The IPCC judges that the greenhouse gases already in the atmosphere have produced a 1.0oC rise above per-industrial levels and ‘will persist for centuries to millennia and will continue to cause further long-term changes in the climate system, such as sea level rise, with associated impacts’. These alone are expected to account for a further 0.5oC of warming over the next two or three decades. The IPPC warns that the difference between warming to 1.5oC and exceeding it is dire.

In the window in which urgent action needs to be taken to address biodiversity loss and global warming above 1.5oC the UN projects that by 2030 there will be an extra billion people and by 2050 over 2 billion more. This projected growth will be primarily in developing countries in Africa and Asia.

It is clear that by mid-century there will be many more people to feed and employ. The pressures on the environment and the climate will grow as more consumers demand affordable and readily available goods and services. More energy will be needed to light homes, power transport, and drive industrial production.

The cynic would be left with the impression that even if the world suddenly agreed that urgent action was needed and all concurred on a course of action, the challenges would be insurmountable. To reverse biodiversity and ecosystem loss, mitigate global warming, and prepare to feed the future population requires a transformation of almost incomprehensible scale and scope.

If such a transformation is to be achieved first the enormous imbalance in wealth across the globe must be addressed. Individual citizens will need to have the wherewithal to pay for some initiatives and governments will need the immense revenue required to invest in sustainable projects. Both require a radical redistribution of wealth.

It is not only within the rich western nations where inequality in wealth is large and growing. The disparity in also great between nations across the world. The developing nations are unlikely to provide the basic services and infrastructure to all their citizens in order to bring them to a tolerable standard of living. To create sustainable, low or zero emissions economies by 2050 will be well beyond their resources.
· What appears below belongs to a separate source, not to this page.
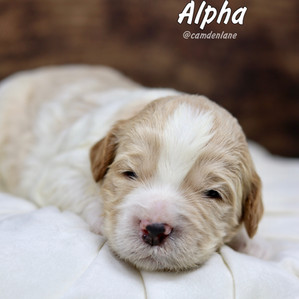 Australian Labradoodle Puppies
Just keeping up with the population growth indicated by the UN will be testing in Africa and Asia.

Even in the advanced nations the practical issues around replacing legacy infrastructure are daunting. On top of that building a sufficiently large labour force and reskilling workers to plan, build and then operate the sustainable services and infrastructure is only one challenge.

A separate challenge is the pollution and emissions generated by the current industrial capacity as it produces the clean future. This would be a root and branch activity. Mining practices would need to change and construction companies would need to dramatically reduce the use of cement, after first finding a substitute. This is without re-engineering agriculture practices, forestry, and food distribution systems. Avoiding addition global warming seems impossible.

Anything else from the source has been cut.